Finally, putting each group of square pieces after being cultured for 24 hours and the covering film into 20ml of NaCl solution with the mass fraction of 0.8% for full elution, uniformly smearing 0.1ml of NaCl solution with the mass fraction of 0.8% on the surface of the solid culture medium in a culture dish, putting the culture dish and the square pieces together into a constant-temperature incubator (37 ℃) for culturing for 24 hours, and observing the colony propagation condition.
Example 5:
a50 ml single-neck flask was charged with 4.1316g (12 mmol) of 2, 2-dioctanotannic acid, 2.442g (14 mmol) of piperidine-1, 4-dicarboxylic acid, 4.200g (28 mmol) of triethylene glycol and 0.013g (0.042 mmol) of antimony acetate in this order. Introducing nitrogen for protection, and stirring and reacting for 3h at 180 ℃ to obtain an esterification product. And (3) continuously heating the esterification intermediate product to 240 ℃, controlling the absolute pressure in the reaction system to be about 80 Pa, and reacting for 4 hours to obtain a crude product of the polycondensation product. Adding 30mL of chloroform into the polyester crude product, soaking for 2h, and filtering; dropwise adding the clear liquid into 50ml ethanol to obtain turbid liquid, centrifuging, filtering to obtain solid, washing the obtained solid with n-butanol, and drying the solid after secondary filtration at 60 deg.C for 2h to obtain 9.258g of copolyester CP5The yield was 88.56%.
100g of copolyester CP were collected5Uniformly mixing with 1g of chain extender epoxy compound ADR-4368, 0.5g of antioxidant 1010 and 5ml of liquid paraffin, extruding by using a double-screw extruder, granulating and drying; then evenly mixing the mixture with 10g of toughening agent PEG, and obtaining a copolyester film with the thickness of 50 mu m through a blow molding process; weighing 5g of polyvinylpyrrolidone (PVP), adding 50% ethanol aqueous solution by volume concentration, and fully stirring to obtain 200g of dispersant solution; taking 120g of dispersant solution, adding sodium chloride to prepare NaCl solution with the concentration of 1.7 g/L; 80g of dispersant solution is also taken to prepare AgNO with the concentration of 1.7g/L3A solution; mixing AgNO3Slowly dripping the solution into a NaCl solution, and stirring for 4 hours in a dark place after dripping to obtain AgCl-polyvinylpyrrolidone PVP sol; fixing one end of the prepared copolyester film, slowly immersing the other end of the prepared copolyester film into the AgCl-polyvinylpyrrolidone PVP sol to enable the surface of the copolyester film to be soaked with the AgCl-polyvinylpyrrolidone PVP sol to achieve adsorption balance, then slowly pulling out the copolyester film, and drying to obtain the uniform and compact antibacterial copolyester film.
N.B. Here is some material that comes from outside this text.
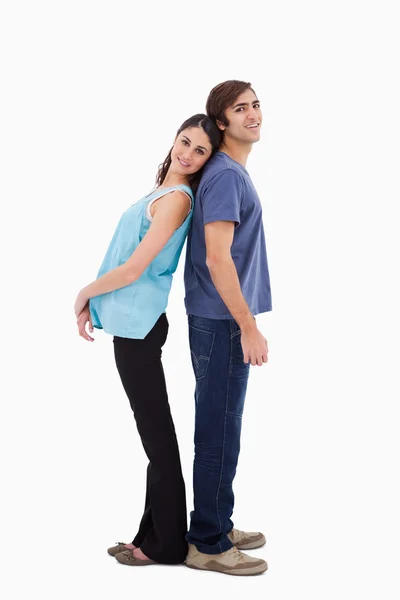 Porträt eines jungen Paares, das Rücken an Rücken steht — Stockfoto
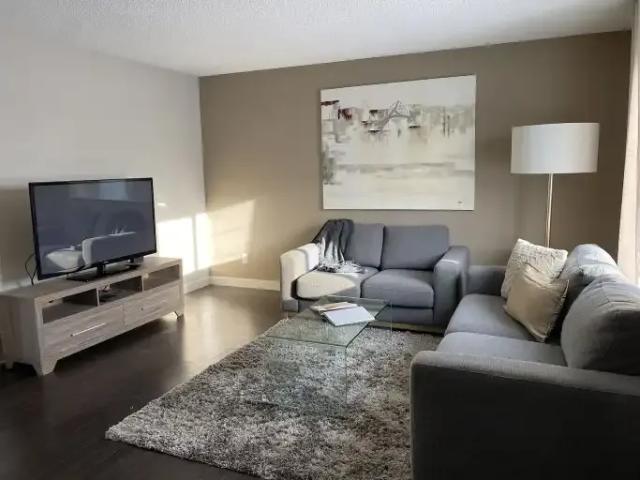 For Rent 3 Bedroom Townhouse Edmonton AB DS105100411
The obtained antibacterial copolyester film is placed in natural soil, and the change of the intrinsic viscosity of the antibacterial copolyester film is measured by using an Ubbelohde viscometer every three months.
Respectively dripping 0.4ml of diluent bacteria into the copolyester CP540mm × 40mm square pieces and antibacterial copolyester film with the mass fractions of 0.2%, 0.4%, 0.8% and 1.2% of AgCl as antibacterial agent on the surfaces of the 40mm × 40mm square pieces, clamping the polyethylene covering film with a pair of sterilization forceps, spreading the polyethylene covering film on the surfaces of the square pieces to ensure that the bacterial liquid is in full and uniform contact with the surfaces of the square pieces, placing the square pieces in a culture dish, and culturing for 24 hours in a constant-temperature culture box (37 ℃).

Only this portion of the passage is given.